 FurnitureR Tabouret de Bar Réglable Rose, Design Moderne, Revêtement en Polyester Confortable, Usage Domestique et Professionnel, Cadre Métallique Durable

^^^^^^^^

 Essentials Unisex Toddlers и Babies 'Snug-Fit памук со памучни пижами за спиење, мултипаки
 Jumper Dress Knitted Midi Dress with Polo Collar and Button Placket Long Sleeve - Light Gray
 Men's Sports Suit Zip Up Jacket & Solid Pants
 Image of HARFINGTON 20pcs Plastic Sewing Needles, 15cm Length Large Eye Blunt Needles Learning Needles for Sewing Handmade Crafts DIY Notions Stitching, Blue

^^^^^^^^

Task brief: From the listing above, return the lines starting at the one with "Men's Sports Suit" and ending at the one with "Image of HARFINGTON", both kept, exactly as they appear and nothing more.

Answer to this task:
 Men's Sports Suit Zip Up Jacket & Solid Pants
 Image of HARFINGTON 20pcs Plastic Sewing Needles, 15cm Length Large Eye Blunt Needles Learning Needles for Sewing Handmade Crafts DIY Notions Stitching, Blue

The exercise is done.